Can you describe your daily routine?

I work in the Guardian office in the House of Commons and I start at about 8am. Sometimes I go to lobby briefings, or I take my laptop to events that are not being televised, but mostly I’m at my desk monitoring events in parliament and elsewhere on TV, but also keeping track of what is happening via the news wires, email, Twitter, WhatsApp etc. It’s a hybrid job; part reporting, but also largely editing.

How does blogging compare with conventional political reporting?

Andrew Sparrow blogging about Kenneth Clarke during the 2009 Conservative Party conference in Manchester.
Andrew Sparrow blogging about Kenneth Clarke during the 2009 Conservative Party conference in Manchester. Photograph: Martin Argles/The Guardian

Even though it’s unrelenting (a live blog does not work if you head off for a long lunch with a contact), I find it much more rewarding. As a newspaper reporter I would often end the day feeling that I had learned 20 interesting things, only about four or five of which I could get into the paper. The chat in the office was often more stimulating than what we were publishing. That was not because of a conspiracy to conceal information; it was just that, unless you could shoehorn information into the rigid format of a news story, you could not get it into the public domain.

Writing a blog, that is not a problem. Partly that’s because space is unlimited. But mostly it’s a matter of having more elbow room as a journalist. Without being constrained by the conventions of writing a news story, there is more opportunity for commentary and analysis; for covering not just what happens, but what it means and why it matters. Now I never go home feeling I haven’t had the chance to share what I know.

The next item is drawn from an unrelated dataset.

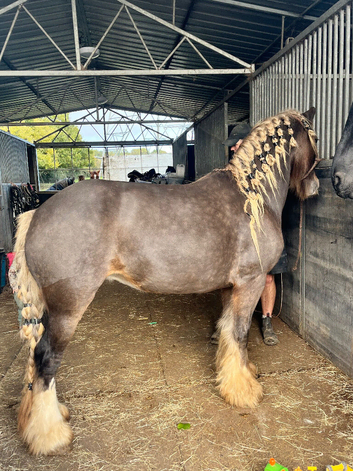 14'2 Silver dapple mare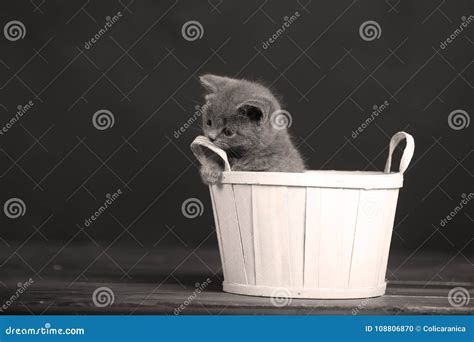 Kittens playing in basket stock photo. Image of four - 108806870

What impact are Brexit and the Tory leadership contest having on the blog?

They’ve generated a surge of interest. I’ve been writing the live blog for almost 10 years and it’s never had such a big readership: 1m-plus hits a day on average in the first quarter of the year, when the Brexit crisis was acute. It’s less now, but the blog is almost always one of the five most read articles on the website on any day, and quite often it’s the best read.

You need three things for a live blog to work: what I call “now news” (that is, news you want to read immediately, not over breakfast tomorrow); a story that keeps changing; and a story that people want to read at length. Brexit ticks all these boxes.

Do you worry that you just don’t have time to analyse properly what’s going on?

A bit. If you have six hours to think about a politician’s speech, you will produce a more considered view than you can in 20-30 minutes (my timeframe – I write a lot of “snap verdicts”). But there is an intense demand for instant news and, if we don’t meet it, someone else will. There is a famous 19th century Times editorial saying the first duty of the press is to obtain “the earliest and most correct intelligence of the events of the time” and, by disclosing them, make them “the common property of the nation”. That still stands; it is just that “earliest” is quicker than it used to be. I also think the assumption “fast news must be flawed” is wrong: sometimes the quickest takes are the sharpest.

What do your readers contribute to your blog?

More than they probably realise. My blog regularly attracts 10,000 or more comments a day. I can’t read them all, but I read some and I try to reply to anyone who asks me a direct question (by wordsearching “Andrew”).

I don’t think I’m giving away any trade secrets if I say not all journalists welcome being told they’re wrong. Who does? But the live blog format makes it possible to have a very constructive relationship with readers. Once a reporter files a story, it’s over, and any non-positive feedback counts as a complaint. But my blog is open for eight or more hours a day, and when people point out mistakes, or challenge my judgment, there is time for me to respond.

In my book, no error is too minor to correct (if you care about getting the small things right, you’re more likely to get the big things right too) and if people question my analysis or language, as long as they’re not offensive, I’m happy to consider their point. Over time I’ve realised this scrutiny makes me a much better reporter. I spend around 20 minutes a day reading and replying to comments, and it’s a part of my routine I always find illuminating.